Added Babcock, “For those of us who have the life we have, and the freedom we have, to repay respects to the people who went before us and made sure that happened; I mean, it’s pretty straightforward and common sense to me. But I don’t know why we’re talking about this.”

Tortorella has received criticism from the sports media world who disagreed with his beliefs.

ESPN’s Stephen A. Smith said he believed Tortorella should be removed from his Team USA.

“You are saying that if he chose to exercise his right as an American citizen, you representing the United States would then turn around and punish him for the very rights this country has bestowed upon its citizens? If that is not un-American I don’t know what is. So as far as I’m concerned, the problem is not with Colin Kaepernick here. It is with John Tortorella who should be stripped as his title as coach of Team USA until he changes his stance,” Smith during a Wednesday episode of First Take. “He has absolutely, unequivocally no right whatsoever to bench any of his players who elects to exercise their First Amendment rights, because when you are a member of Team USA, you are proudly representing the red, white and blue and all that it stands for, not just the parts you like.”

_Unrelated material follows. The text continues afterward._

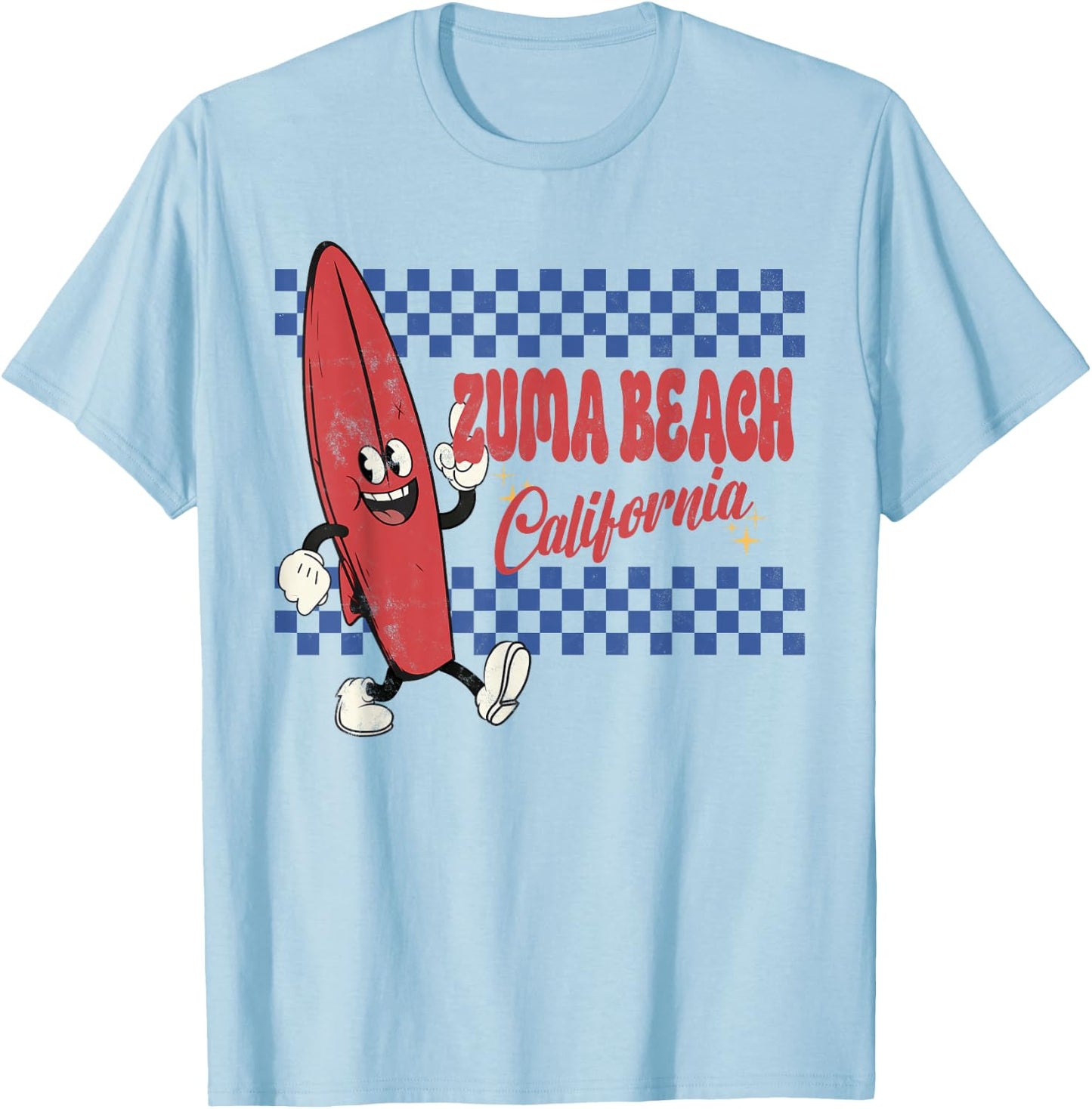 Zuma Beach California Retro Surfer Vintage Beach Men Women T-Shirt - T-Shirt | Light Blue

Media personality Keith Olbermann called Tortorella a “boundless embarrassment” for his comments.

Tortorella was asked about his son, who is an Army Ranger, and how that plays into his beliefs.

“I’m not going to discuss my son,” Tortorella said. “I just watch what goes on and what the people do in the military, not just the military period as far as what they do – that plays into it. I’m not going to discuss my son.”

Tortorella also said an Army representative spoke with Team USA on Wednesday. The coach noted that nationalism has played a role in how he wants this team to come together and prepare for the upcoming tournament.

“It’s not wanting them to feel the pride of the U.S. I know they do. Certainly this is a platform with that. We’re playing hockey. Other people are doing the real stuff. This gentleman that spoke to us this morning is doing the real stuff, life and death. We just want to give to our country in our little way and quite honestly, we’re entertainers,” Tortorella said. “What this man talked about in our locker room and what he does casts a huge shadow over us as far as what we’re doing. It’s our situation, it’s what we do as citizens and U.S. people, so we just want to give. It certainly is, in my mind, right from the get-go with this about your country.”

USA Today recently asked several Team USA members what they though of Kaepernick’s stance. Many displayed nationalism towards the country’s flag and anthem, but didn’t go as far as Tortorella with their comments.

“I think as athletes we have a great platform and to use it to influence social change is within our right,” Boston Bruins forward David Backes said according to USA Today. “Whether you should do that during the anthem, which stands for our country and salutes those who have given their lives for our country, allowing athletes to play, is a matter of debate. I have my opinions on that.”